In this chapter we describe how the elastic properties of rock are measured in the laboratory and provide tables of representative values for different rock types. However, the need to understand the resistance of rocks to deformation goes well beyond the accumulation of numbers in handbooks. To analyze a geological structure one must choose the appropriate boundary- or initial-value problem to serve as a mechanical model, and one must postulate a particular mechanical behavior. That is, one must say exactly what the relationship is between the stress acting within a material and the strain or rate of deformation. These relationships are called constitutive equations.
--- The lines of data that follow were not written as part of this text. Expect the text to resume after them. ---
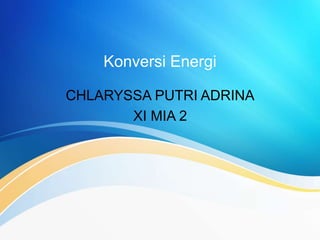 Konversi Energi
CHLARYSSA PUTRI ADRINA
XI MIA 2
 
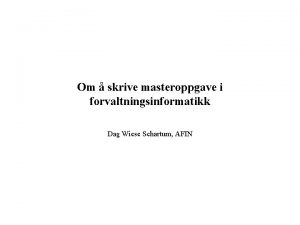 Om skrive masteroppgave i forvaltningsinformatikk Dag Wiese Schartum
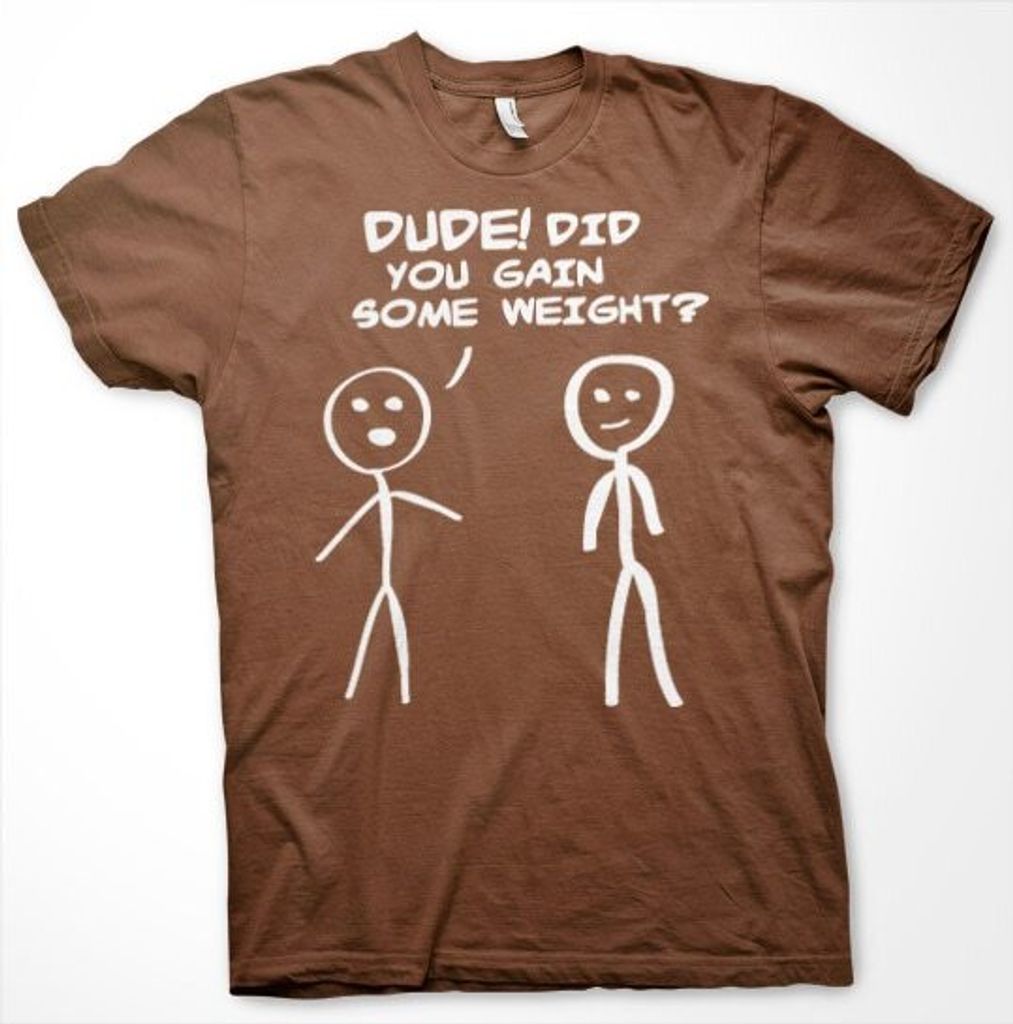 Dude! Did You Gain Som Weight? T-Shirt - X-Large - Brown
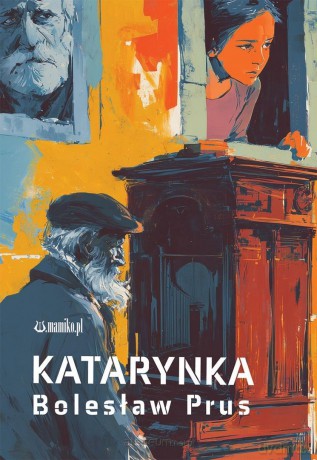 Katarynka - Bolesław Prus [KSIĄŻKA]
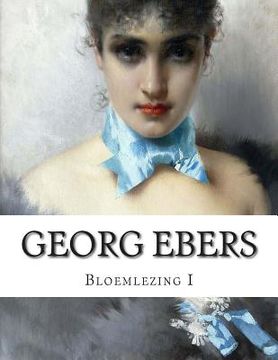 portada Georg Ebers, Bloemlezing I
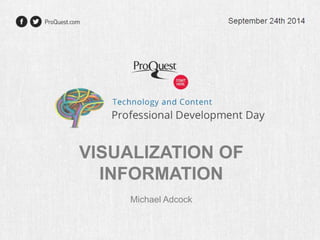 VISUALIZATION OF 
INFORMATION 
Michael Adcock 
 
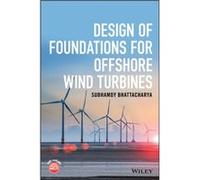 Design of Foundations for Offshore Wind Turbines by Subhamoy Bhattacharya Subhamoy Bhattacharya (Auteur)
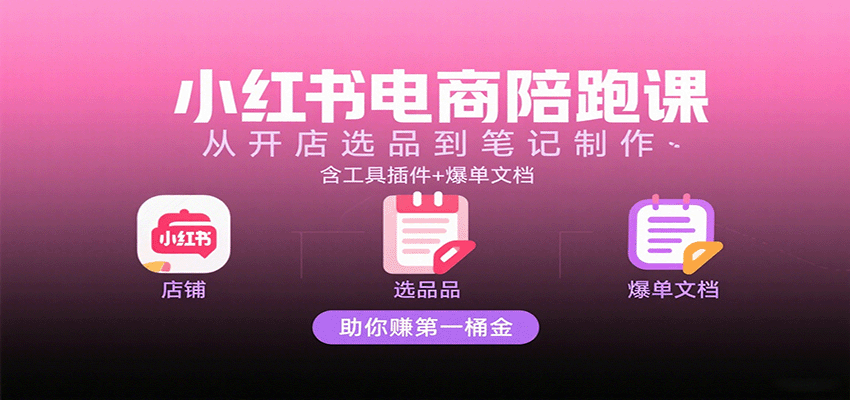 小红书电商陪跑课：从开店选品到笔记制作，含工具插件+爆单文档，助你赚第一桶金-吾爱创业网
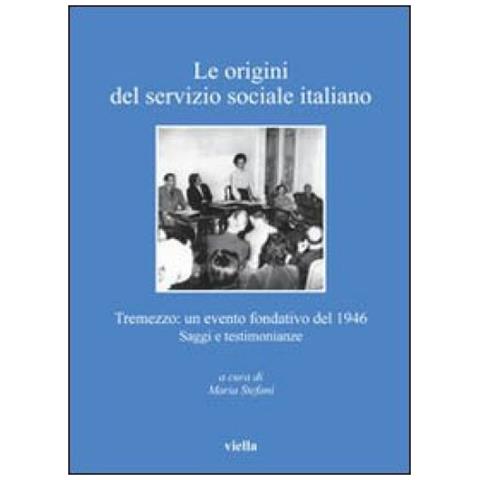 Maria Stefani - Le origini del servizio sociale italiano. Tremezzo: un evento fondativo del 1946. Saggi e testimonianze - Foto 3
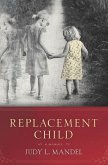 Replacement Child (eBook, ePUB) Replacement Child (eBook, ePUB)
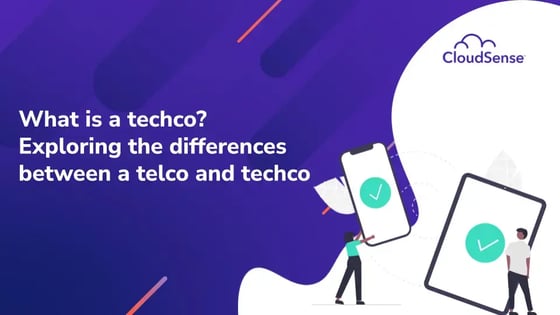 What is a techco? Exploring the differences between a telco and techco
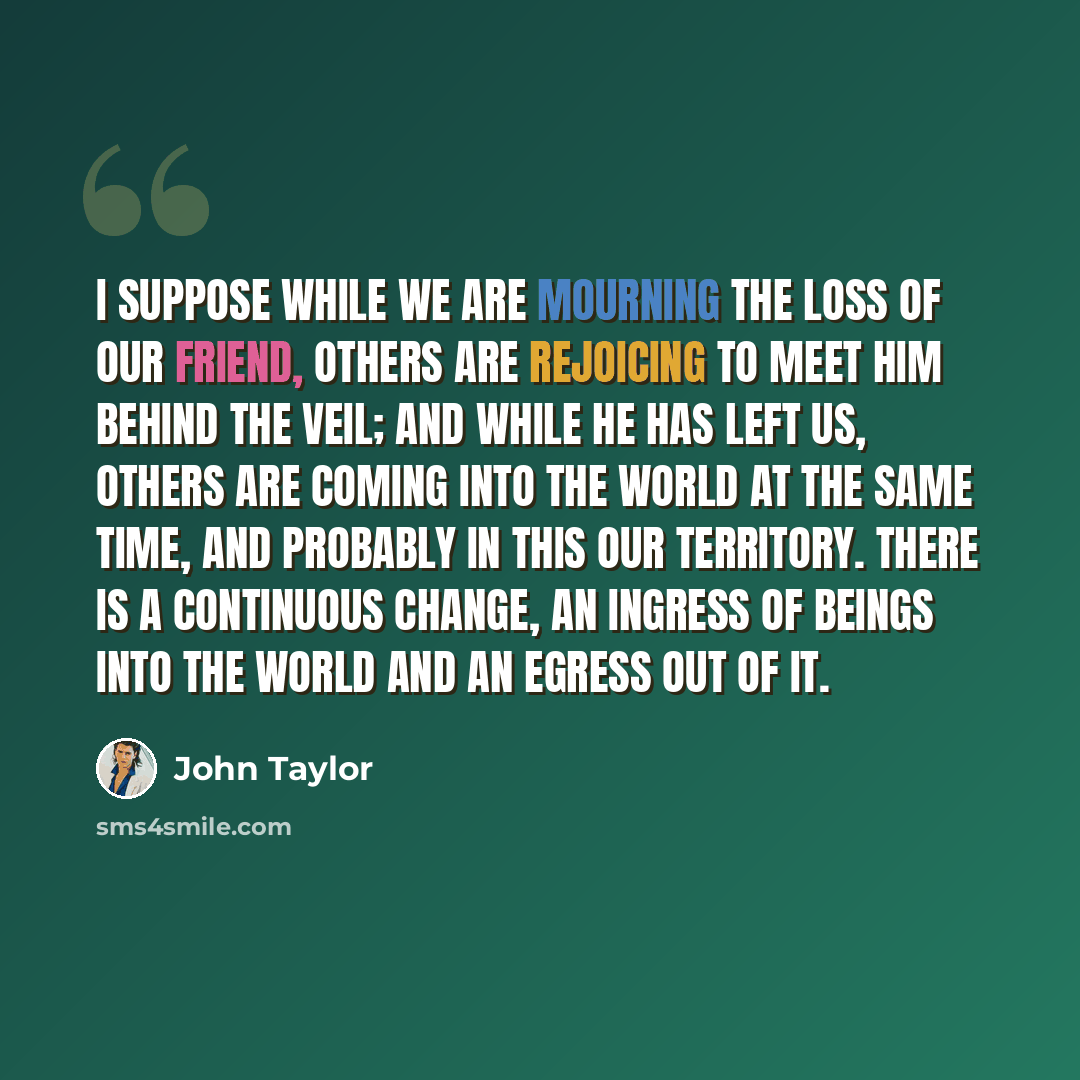 “I suppose while we are mourning the loss of our friend, others are rejoicing to meet him behind the veil; and while he has left us, others are coming into the world at the same time, and probably in this our territory. There is a continuous change, an ingress of beings into the world and an egress…” quote by John Taylor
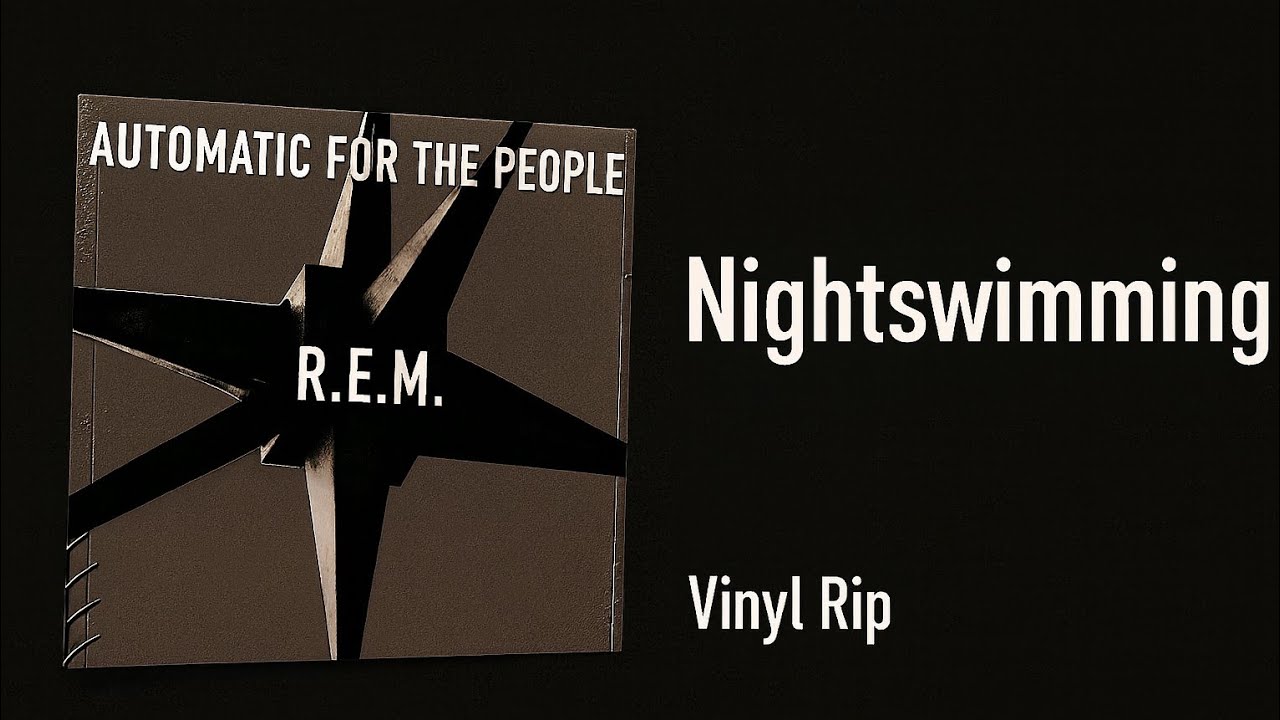 Nightswimming — R.E.M. — Automatic for the People (1992) — (Vinyl Rip)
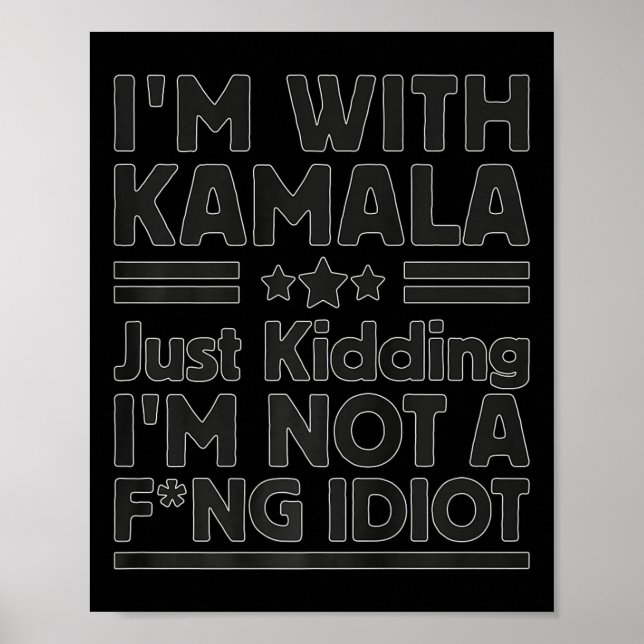 Poster Estou com Kamala só brincando. Não sou um Idio For (Frente)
For example, Hytch et al. (2003), studying the displacement field around an edge dislocation in silicon as revealed by electron microscopy (see above), postulated an anisotropic linear elastic constitutive law and calculated model displacements, ux and uy, that are remarkably similar to those observed in the laboratory experiment.
Concepts from Chapter 8
These exercises explore concepts from Chapter 8 including intuitive notions of elastic behavior, computation of elastic strains given a stress state, the elastic solution for the edge dislocation, interpretation of laboratory rock mechanical data on elastic properties, and classic boundary value problems illustrating elastic heterogeneity and anisotropy.
Mechanics of dike intrusion at Ship Rock
This exercise explores models of rock deformation during the emplacement of dikes in the magma plumbing systems of volcanoes. Dikes provide conduits for flow of magma through the brittle parts of Earth's crust, and they feed fissure eruptions on many volcanoes. Mechanical models enable on to deduce the elastic properties of rock at the kilometer scale from measurements in the field of dike thickness and length.